▶ PROBLEM TO WORK ON: Restate the data that follows exactly as it stands, beginning with the first line and ending with the line that contains "疯狂的鸽子最新安卓版截图2".

▶ INPUT DATA:
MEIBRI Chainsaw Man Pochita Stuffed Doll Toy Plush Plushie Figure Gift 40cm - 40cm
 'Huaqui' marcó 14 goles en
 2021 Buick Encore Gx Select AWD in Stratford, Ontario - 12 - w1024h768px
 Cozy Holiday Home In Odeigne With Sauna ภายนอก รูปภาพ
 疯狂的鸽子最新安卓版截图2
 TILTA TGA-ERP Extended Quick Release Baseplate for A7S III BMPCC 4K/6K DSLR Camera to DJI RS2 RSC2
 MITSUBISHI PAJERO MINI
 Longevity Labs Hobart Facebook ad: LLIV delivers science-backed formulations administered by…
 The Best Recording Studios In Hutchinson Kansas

▶ RESPONSE:
MEIBRI Chainsaw Man Pochita Stuffed Doll Toy Plush Plushie Figure Gift 40cm - 40cm
 'Huaqui' marcó 14 goles en
 2021 Buick Encore Gx Select AWD in Stratford, Ontario - 12 - w1024h768px
 Cozy Holiday Home In Odeigne With Sauna ภายนอก รูปภาพ
 疯狂的鸽子最新安卓版截图2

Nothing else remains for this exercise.